In Childs v Desmoreux, the Supreme Court of Canada ruled that party hosts are generally not liable if their guests drive drunk and injure third parties. The case has major implications for Canadian social hosts, homeowners, insurers and, of course, victims of drunk driving, as well as society at large. My case comment, “Social Host Liability in Canada,” explores some of these implications by looking at the underlying reasoning of the Court and the legal and practical significance of the case in Canada and abroad. I worry that the Court’s ruling may discourage social hosts from acting responsibly.
The case is about whether or not the hosts of a BYOB party must take reasonable steps to prevent their guests from driving drunk and injuring someone as a result. It is tremendously significant for every Canadian who hosts a party, insurance companies and homeowners, and perhaps most of all, victims of drunk driving.
The trial judge and Court of Appeal both found that no legal duty of reasonable care exists. The Supreme Court has affirmed those decisions and held that social hosts cannot be liable for the harms inflicted on victims of drunk driving by the hosts’ intoxicated guests. Party hosts can apparently ignore the fact that their guests may leave the party driving drunk, without doing anything about it. The Court justified this decision on the grounds of individual autonomy and responsibility, saying that when an adult makes the choice to consume alcohol and drive drunk, “there is no reason why others should be made to bear its costs.” Of course, without sufficient insurance to cover all losses, the practical result of this ruling is that Zoe Childs and other innocent victims of drunk driving will bear these costs.
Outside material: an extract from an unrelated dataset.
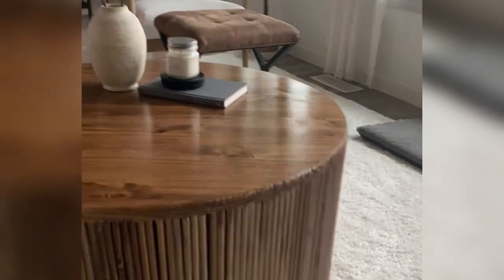Hey everyone, welcome to Hill House Diaries. Today I'm going to talk you through how I created this beautiful fluted coffee table.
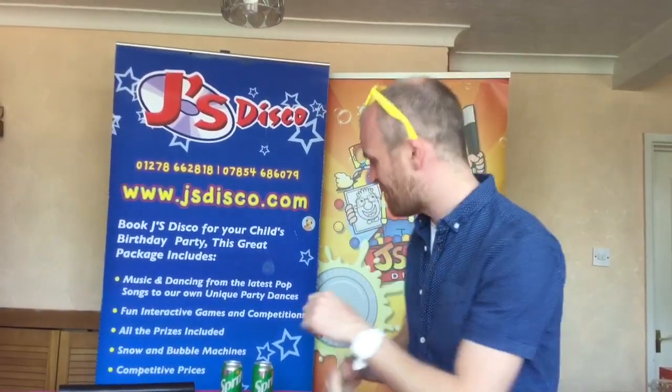Boys and girls, it's James here from Jaysca's Disco Children's Entertainer. Welcome to Wednesday's show. Now today we're going to do an experiment but we're going to use some magic, so don't try this at home.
Importantly, the Court did note that this case concerned a BYOB party. The result might be different in a case where hosts serve alcohol to a guest, are relied upon to monitor consumption and/or know or ought to know that a guest is about to drive drunk. The fact that hosts know about a guest’s history of alcohol abuse and drunk driving is immaterial, according to the Court. The Court was also careful to distinguish social hosts from commercial hosts. Commercial hosts serve alcohol for profit, are able to control patrons’ consumption and are required by regulations to do so.
In the social context, however, the ruling leaves drunk drivers as the only ones legally responsible for the injuries of their victims. It means governments may now have to consider alternative schemes, for example compensation funds for victims of drunk driving supported by levies on alcohol retailers or consumers.